It can also be divided into three part: Hellmann-Feynman Hessian, Pulay Hessian, Multipole Hessian. In real calculation, we drop multipole Hessian due to its value is only ${10}^{-3}$ times small compared with the other two.

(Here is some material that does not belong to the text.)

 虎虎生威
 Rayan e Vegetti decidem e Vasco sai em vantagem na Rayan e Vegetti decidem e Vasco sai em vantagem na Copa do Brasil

Under periodic boundary conditions, we get the following expression for force constants:

$${\mathrm{\Phi }}_{Is,J}^{harm}=\frac{d^2{𝐄}^{KS}}{d{𝐑}_{Is}d{𝐑}_J}=-\frac{d{𝐅}_J}{d{𝐑}_{Is}}=-\frac{d{𝐅}_{Is}}{d{𝐑}_J}={\mathrm{\Phi }}_{Is,J}^{HF}+{\mathrm{\Phi }}_{Is,J}^P.$$

(3.146)

	${\mathrm{\Phi }}_{Is,J}^{HF}$	$=$	$-Z_J\left({\displaystyle \frac{d}{d{𝐑}_J}}{\displaystyle \frac{\partial V_J^{es}(0)}{\partial {𝐑}_J}}\right){\delta }_{Is,J0}$
			$-Z_J\left({\displaystyle \frac{d}{d{𝐑}_J}}{\displaystyle \frac{\partial V_I^{es,tot}(|{𝐑}_J-{𝐑}_{Is})|}{\partial {𝐑}_{Is}}}\right)\left(1-{\delta }_{Is,J0}\right),$

in which ${\delta }_{Is,J0}={\delta }_{IJ}{\delta }_{s0}$ denotes a multi-index Kronecker delta.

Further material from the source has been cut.